Oggi lo Stato maggiore della Difesa ha confermato che un drone militare italiano è caduto nel territorio libico. La fonte, come riferisce Ansa, dichiara che è stato perso “il contatto con un velivolo a pilotaggio remoto dell’Aeronautica militare, successivamente precipitato sul territorio libico“. Dalle dichiarazioni emerge anche che il velivolo era impiegato in una “missione a supporto dell’operazione Mare Sicuro” e che “seguiva un piano di volo preventivamente comunicato alle autorità libiche“. Sebbene sia ancora presto per spiegare cosa è successo, visto che sono tuttora in corso accertamenti sulle cause, la sensazione prevalente è che possa esserci stato un problema tecnico alla base dell’incidente.
Eppure la versione libica è nettamente diversa, visto che il portavoce del generale Khalifa Haftar riferisce che sarebbero state invece le loro forze di difesa ad abbattere il drone italiano mentre sorvolava il loro territorio senza autorizzazione.
Qual è la verità? È ancora presto per dirlo, ma di sicuro c’è che il drone, un “Predator B” del 32esimo Stormo di Amendola, ha prima perso contatto con la base e poi è precipitato in territorio libico. Si tratta però di un velivolo che di norma vola ad altezze superiori ai 5 mila metri, una posizione che secondo alcuni esperti non sarebbe alla portata della contraerea libica.
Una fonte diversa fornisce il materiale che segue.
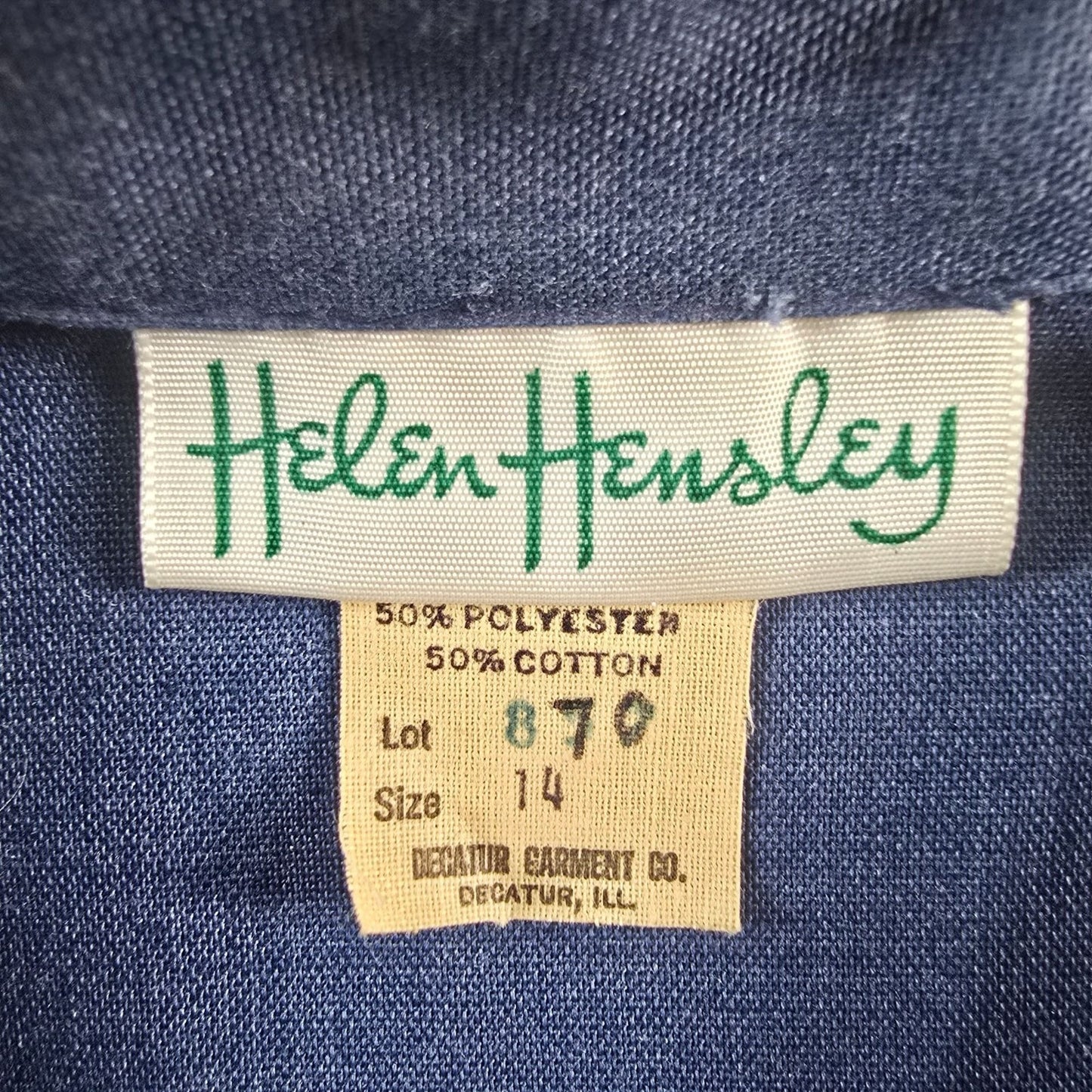 Vintage 1970s Helen Hensley Blue Chambray Popover Tunic Mini Shirt Dress (12/L)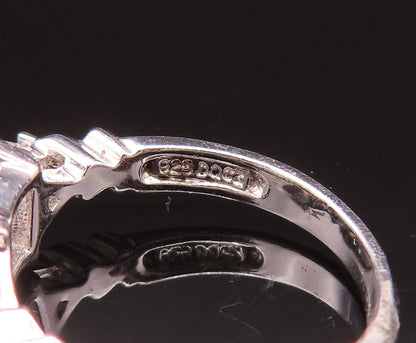 925 Sterling Silver  Vintage Princess Cut Cubic Zirconia Ring Sz 6.5  RG25486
In attesa che si faccia chiarezza, la certezza più interessante al momento è forse che, se finora erano state le tensioni in Medioriente tra Usa e Iran, e le mirabolanti tecnologie russe a tenere banco sul tema dei droni militari, ora il drone militare italiano caduto in Libia fa eco su molti giornali e notiziari, anche internazionali, mettendo al corrente moltissime persone, soprattutto nel nostro Paese, che l’Italia ha a disposizione mezzi del genere.